Go Deeper
A complete AI platform that captures every question, validates every answer, then takes it to first delivery. Four-phase delivery: 1) Guided streamlit intake collects source systems, requirements, SLAs, stakeholders, DQ rules, and PII strategy — stored in Databricks Unity Catalog or Posgres with full audit trail. 2) Validation: AI agents assess completeness, flag gaps, and engage stakeholders before a single line of DDL is written 3) Architect: Automated architecture design grounded in captured requirements — source-to-target mappings, medallion layers, partition strategies
4) 8-agent pipeline generates DDL scripts, pytest suites, SDLC artifacts, and documentation — first delivery, ready for iteration
Stack Used
Based on the provided documentation and architecture guides, NiData is built on a dual-deployment architecture (Databricks and Docker) that shares a core foundation.
Here is the full tech stack broken down by component:
**Core Languages & Frontend**
* **Python (3.8+):** The primary language used across the platform, driving everything from agent orchestration to the knowledge graph.
* **SQL:** Used for both Unity Catalog DDL (Delta Lake) and standard PostgreSQL schemas.
* **Streamlit:** Powers the main 9-step wizard web UI, the artifact viewer, and the admin panel for reference data management.
**AI Models & Orchestration Engine**
* **LLMs:** The default model is Llama 3.3 70B (hosted via Databricks Model Serving).
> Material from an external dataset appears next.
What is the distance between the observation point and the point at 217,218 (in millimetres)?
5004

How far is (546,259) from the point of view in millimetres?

The platform can also be configured to use OpenAI GPT-4 and Anthropic Claude via their APIs.
* **Agent Orchestration:** A Python-based, config-driven engine using LangGraph-style orchestration to manage the 8-agent legacy pipeline and the 7-agent sequential delivery pipeline.
* **Job Orchestration:** Can run on Databricks Workflows or Apache Airflow.
**Deployment Option A: Databricks (Enterprise Cloud-Native)**
* **Storage & Governance:** Unity Catalog (26-table schema) and Delta Lake.
* **Compute:** Databricks Runtime / Spark.
* **Model Registry & Feature Store:** MLflow on Databricks and Databricks Feature Store.
* **Security:** OIDC managed authentication and Databricks secrets.
**Deployment Option B: Docker (Standalone / Air-Gapped)**
* **Containerization:** Multi-service Docker Compose orchestration.
* **Database:** PostgreSQL (for platform-agnostic storage) connected via `psycopg2`.
* **Infrastructure as Code (IaC):** Terraform used to provision cost-optimized GCP spot instances.
* **Web Server:** Nginx acting as a reverse proxy for production profiles.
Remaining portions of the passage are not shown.